▶ About this task
Only one part of the listing is needed: the lines from the one with "Pin Location Icon" through the last line, copied exactly and free of pictures.

▶ Input data
=-=-=-=-=

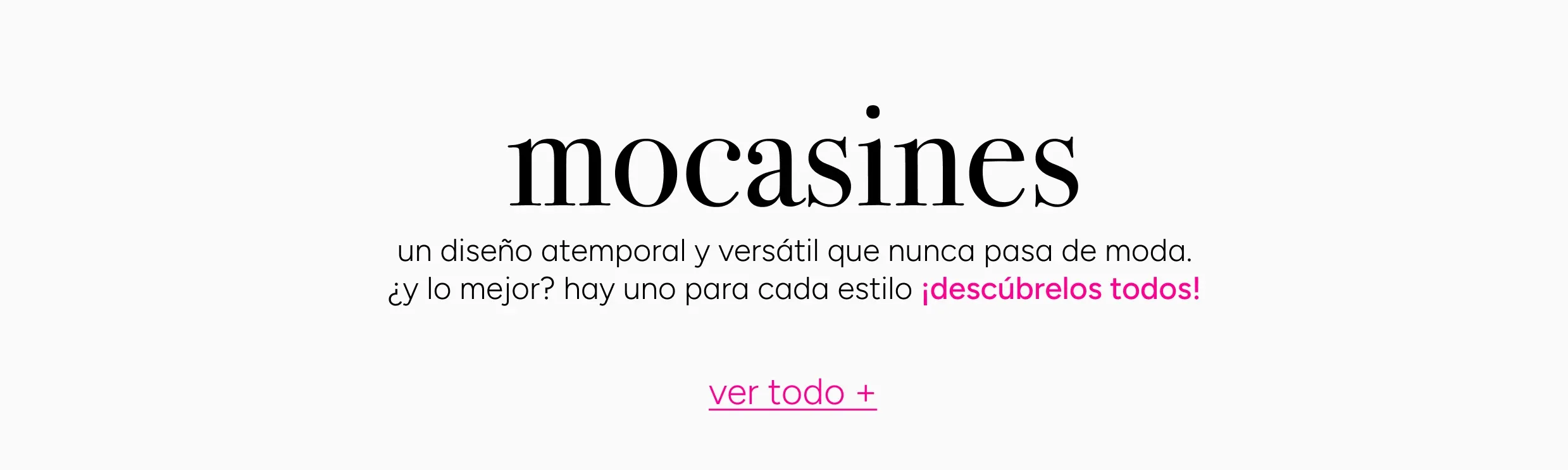 mocasines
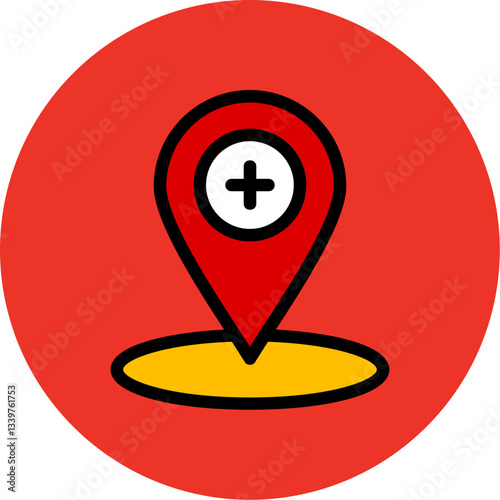 Pin Location Icon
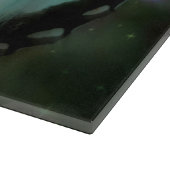 Knipkamer van vlinderglas snijplank (Hoek)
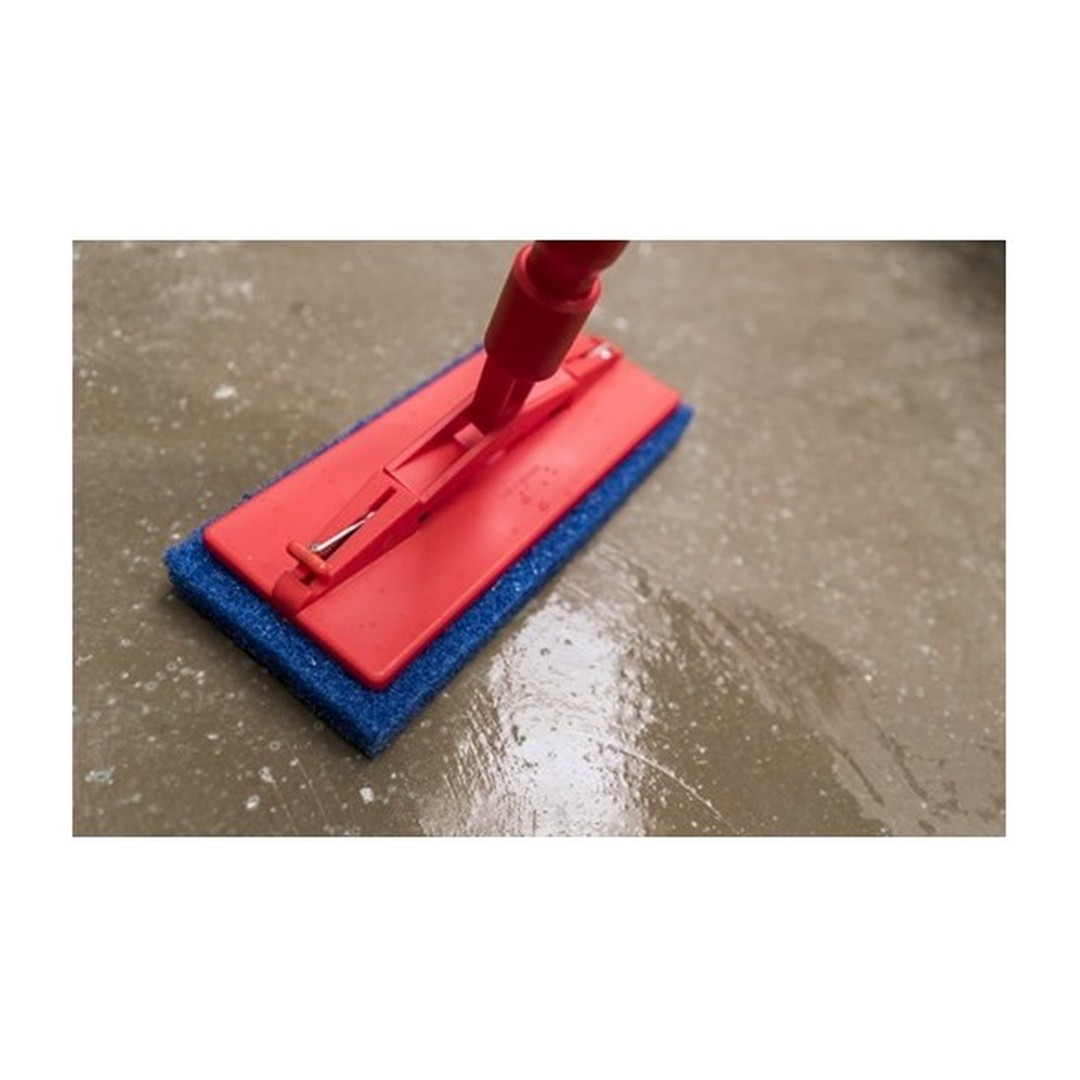 Čistící houba modrá - středně tvrdá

=-=-=-=-=

▶ Task answer
 Pin Location Icon
 Knipkamer van vlinderglas snijplank (Hoek)
 Čistící houba modrá - středně tvrdá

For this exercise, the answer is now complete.